Originally published on April 1, 2008
The first season of “Father Knows Best” arrives on DVD Tuesday, and although it has all the edge of a rubber ball, it’s a welcome set that’s sure to bring just a few smiles.
Starring Robert Young and Jane Wyatt, the show is often criticized as being saccharine and far-removed from reality with its depiction of American family life in the 1950s. That all may be true, but the show is just too good to be dismissed so lightly.
The black-and-white show certainly has its unintentionally funny moments (Did kids really use “Jumping catfish!” as an epithet?), but the show’s real humor comes from the excellently crafted family dynamic. There’s Jim Anderson (Young), the insurance salesman who thinks that life in the “modern” ’50s is moving too fast. Betty (Elinor Donahue) is the bubbly oldest daughter who’s full of advice for her oldster parents. Bud (Billy Gray) is the impatient son who always wants more — whether it’s an extra drumstick or an upgrade for his scooter. The youngest member of the Anderson brood is Kathy (Emmy-winning Lauren Chapin), a girl brimming with curiosity, imagination and matter-of-fact outbursts. Finally, there’s the elegant Margaret (Wyatt, who also won an Emmy for the role) who’s the ultimate mom and peacemaker — complete with a fresh-pressed apron.
With that capable ensemble, the show explores topics that trouble families even today: The worn-down feeling we all get, the right time to permit dating, a family’s responsibility, the need to get away and the miracle of life and death.
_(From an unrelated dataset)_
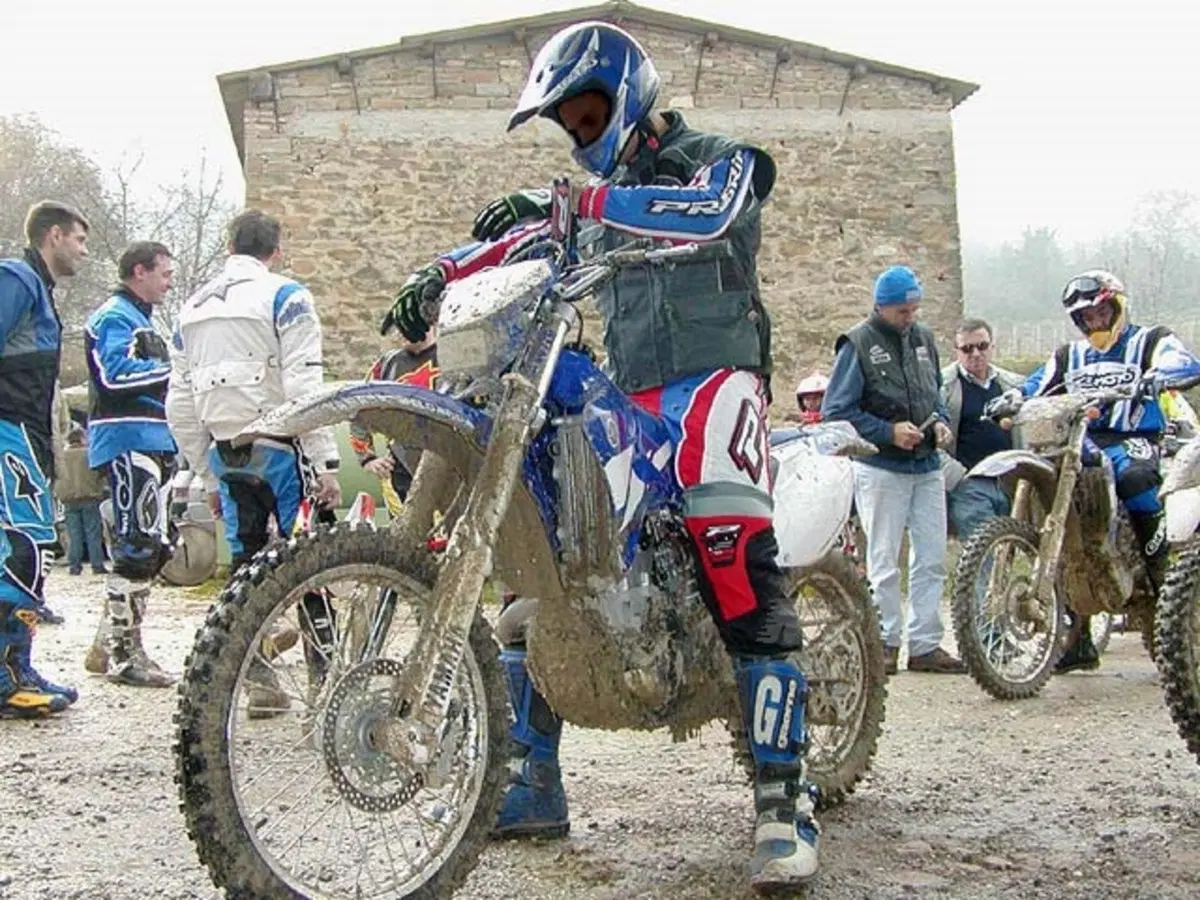 YAMAHA WR 450 F (18)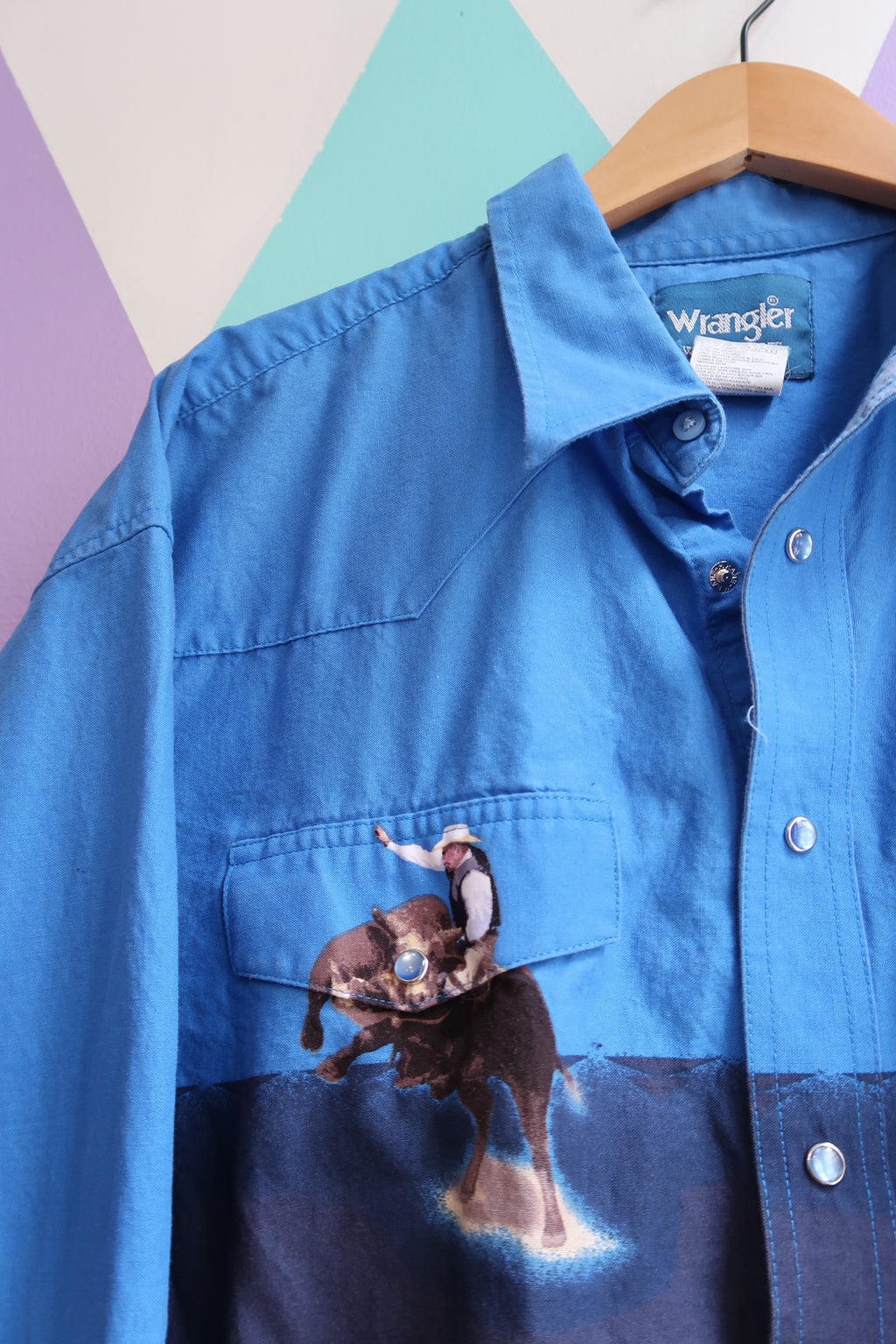Vintage Wrangler cowboy western button-up shirt for men, featuring classic buttons and a timeless design.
At the same time, the show took time to celebrate Thanksgiving and Christmas on air, even taking time to pray — something you just don’t see on TV all that often.
It’s also filled with quaint oddities. In one exchange, Bud asks “Mom, does this paint have lead?” “Of course it does!” she responds. Likewise, in one of the bonus features Lauren Chapin describes how, as a youngster, she was assigned to deliver Jane Wyatt’s Emmy acceptance speech and she bawled through the entire thing. The problem? She forgot her shoes.
But can “Father Knows Best” endure in the 21st century? As long as there’s hope for a better, more serene family life — no matter how improbable — you can bet it will.